Mais mieux que par comparaison, nous avons maintenant par expérience des données beaucoup plus précises en ce qui concerne la possibilité de creuser le tunnel sous-marin.

Les études géologiques qui ont été faites par les géologues des deux pays, les nombreux forages et sondages qui ont été exécutés des deux côtés du détroit lui-même ont complètement éclairci la nature du sol et fait connaître minutieusement la composition de chaque couche et l’agencement des assises entre elles.

Si nous remontons un peu plus loin que l’époque actuelle, nous nous rendrons mieux compte des vicissitudes qu’a subies le détroit du Pas de Calais, pendant les temps géologiques, et nous comprendrons mieux ce qu’il est aujourd’hui et comment il est constitué.
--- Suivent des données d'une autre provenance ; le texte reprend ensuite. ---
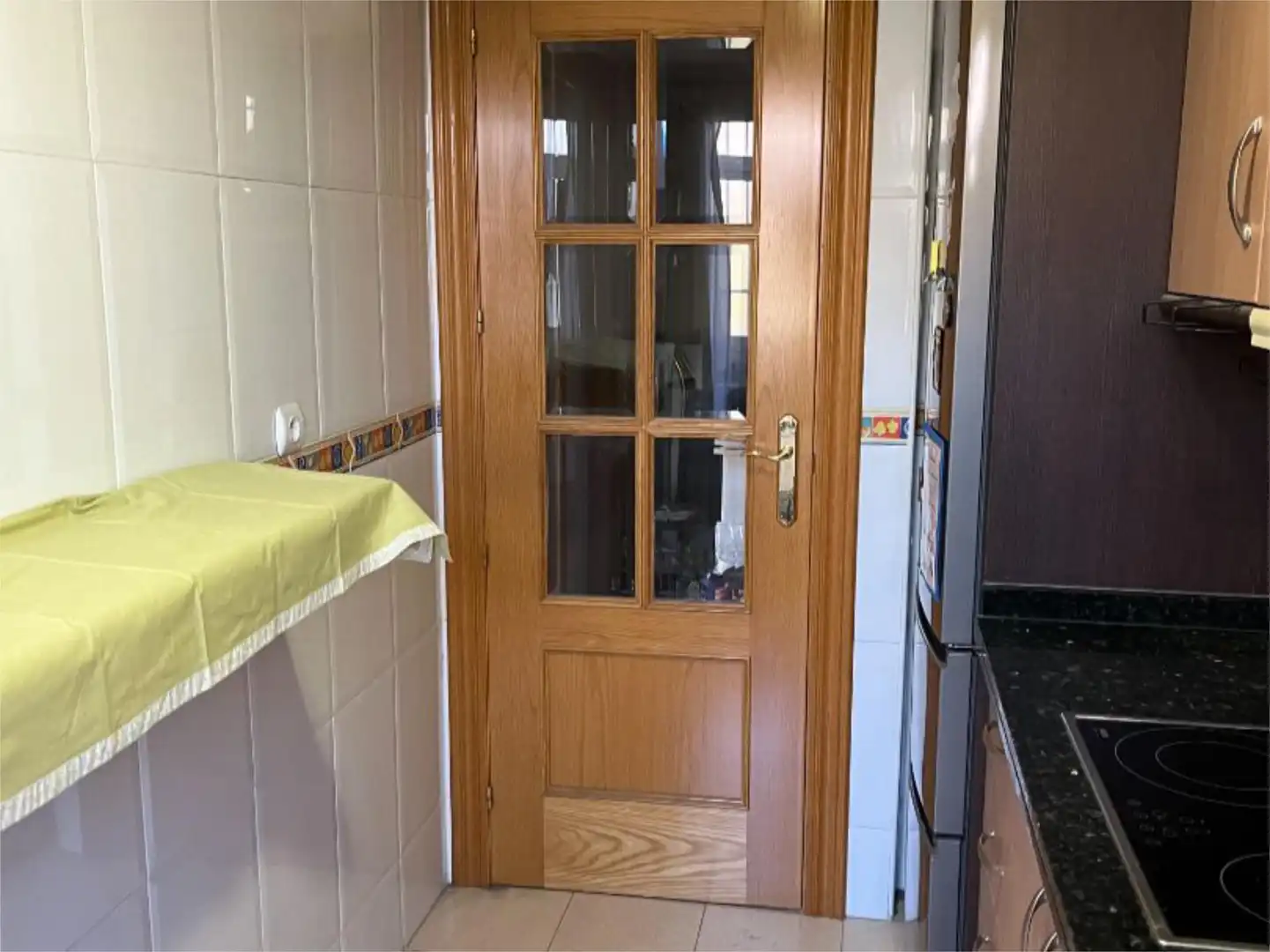 Piso en venta en Calle Albondón, 14, Rosaleda - Juventud Piso en venta en Granada Capital con Aire acondicionado, Piscina y Balcón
Le détroit, comme le monde lui-même, est loin d’avoir eu dans le passé la physionomie qu’il a actuellement. Il se transforme sans cesse par des actions plus ou moins lentes, mais suffisantes pour que nous en soyons les témoins : nous constatons, par exemple, que le détroit actuel ronge de chaque côté environ 20 mètres par siècle, c’est-à-dire au total 40 mètres environ par siècle.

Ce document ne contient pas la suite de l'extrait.